━━━━━ Provided information

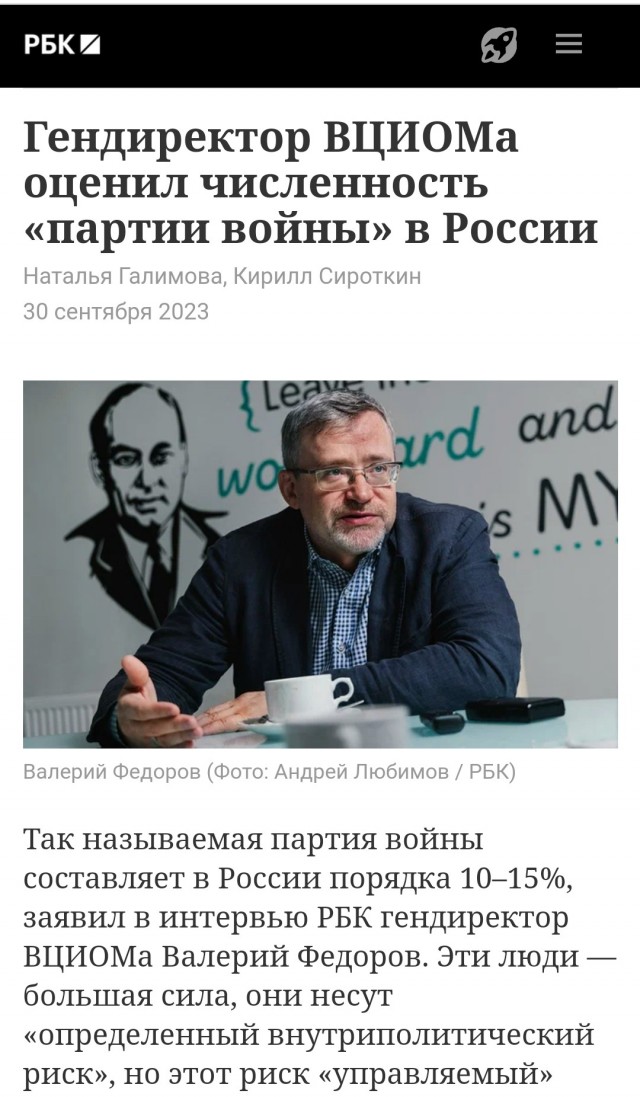 Речь депутата Гурулева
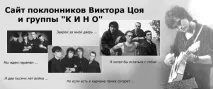 групата групата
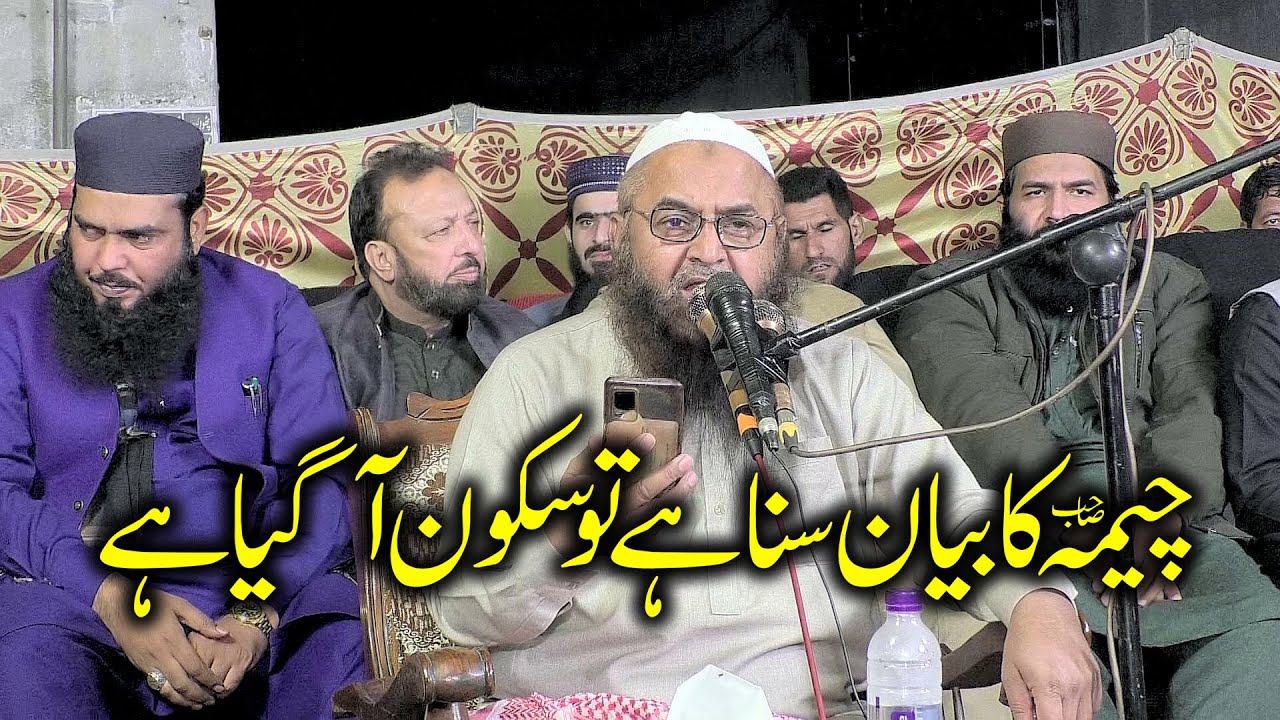 Molana Nawaz Cheema Sab Karol Bazar 30+11+24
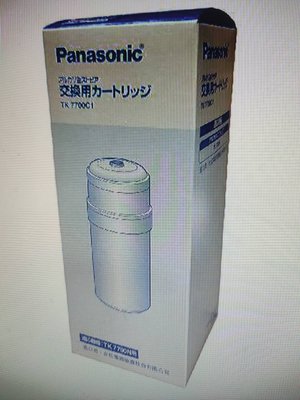 ＄柯柯嚴選＄國際牌Panasonic TK-7700C1(含稅)TK-7700N
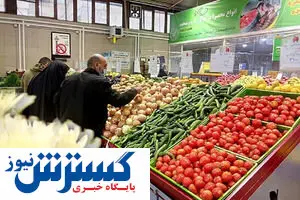 قیمت سبزی و صیفی جات (۱۴۰۰/۱/۲۰)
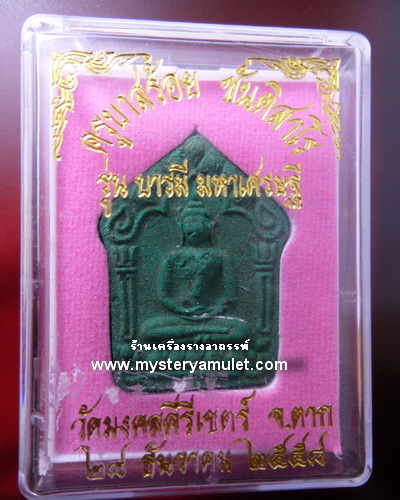 พระขุนแผนพรายกุมาร เนื้อว่านอาถรรพ์สีเขียว พิมพ์ใหญ่ กรรมการ ครูบาสร้อย วัดมงคงคีรีเขตร์ จ.ตาก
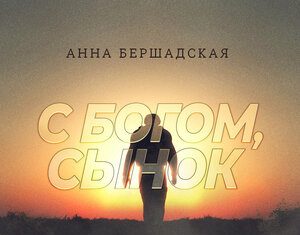 Анна Бершадская. «С Богом, сынок!»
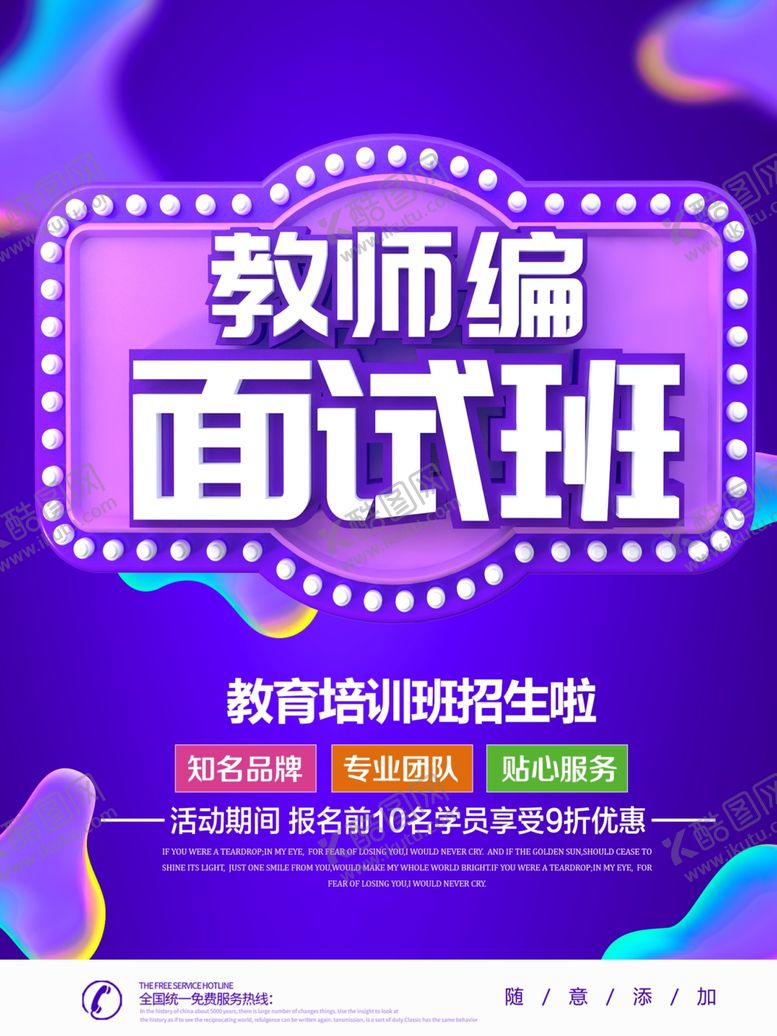 编号：26653407131026434163【酷图网】源文件下载-教育培训班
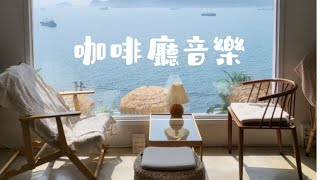 秘變咖啡廳/星巴克音樂｜擁有工作好氛圍｜讀書音樂｜工作音樂｜爵士音樂｜ cafe jazz music｜starbucks music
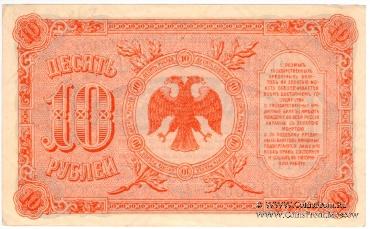 Комплект Государственных Кредитных билетов 1920 г.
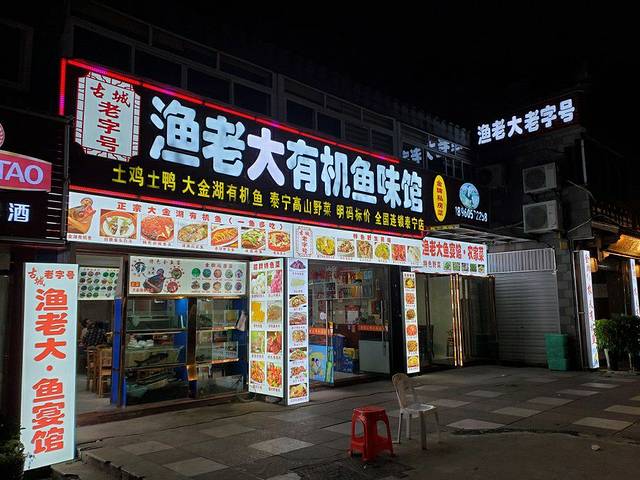渔老大·有机鱼馆·老字号(古城店)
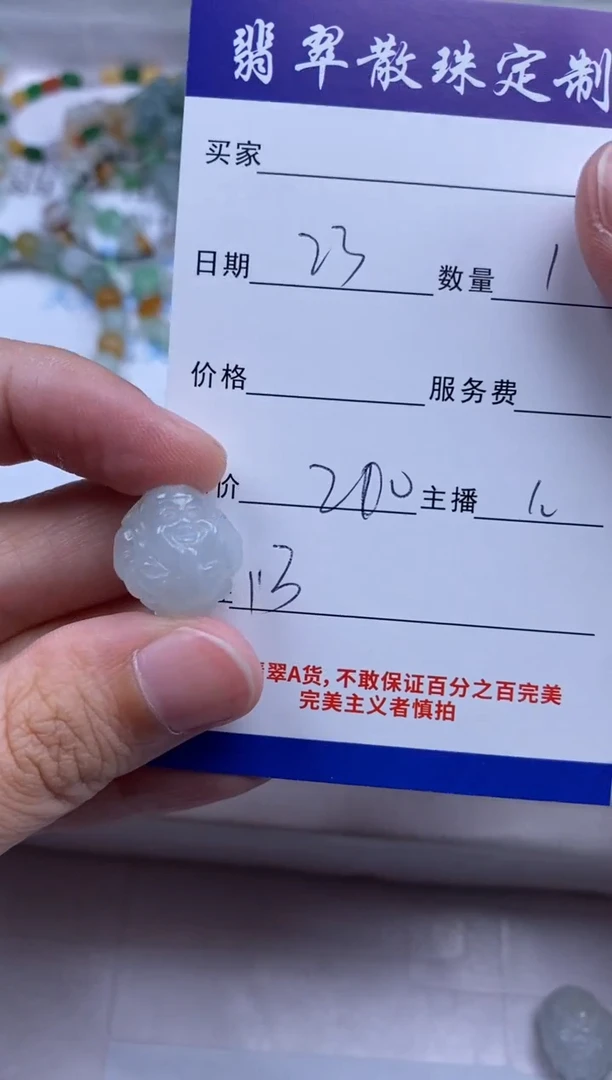 翡翠未镶嵌颈饰龙*贞城散珠批发DIY编制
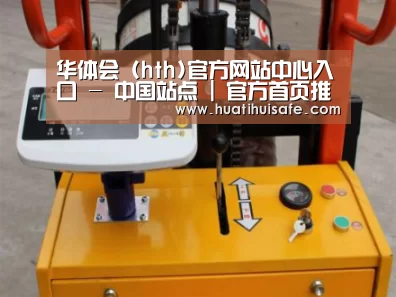 华体会官网在线案例展示三(图1)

━━━━━━━━━━

» Problem to work on: An exact transcription is needed, covering the line with "групата групата" and every line after it to the end of the entries, but not the pictures.

» Task response:
 групата групата
 Molana Nawaz Cheema Sab Karol Bazar 30+11+24
 ＄柯柯嚴選＄國際牌Panasonic TK-7700C1(含稅)TK-7700N
 قیمت سبزی و صیفی جات (۱۴۰۰/۱/۲۰)
 พระขุนแผนพรายกุมาร เนื้อว่านอาถรรพ์สีเขียว พิมพ์ใหญ่ กรรมการ ครูบาสร้อย วัดมงคงคีรีเขตร์ จ.ตาก
 Анна Бершадская. «С Богом, сынок!»
 编号：26653407131026434163【酷图网】源文件下载-教育培训班
 秘變咖啡廳/星巴克音樂｜擁有工作好氛圍｜讀書音樂｜工作音樂｜爵士音樂｜ cafe jazz music｜starbucks music
 Комплект Государственных Кредитных билетов 1920 г.
渔老大·有机鱼馆·老字号(古城店)
 翡翠未镶嵌颈饰龙*贞城散珠批发DIY编制
 华体会官网在线案例展示三(图1)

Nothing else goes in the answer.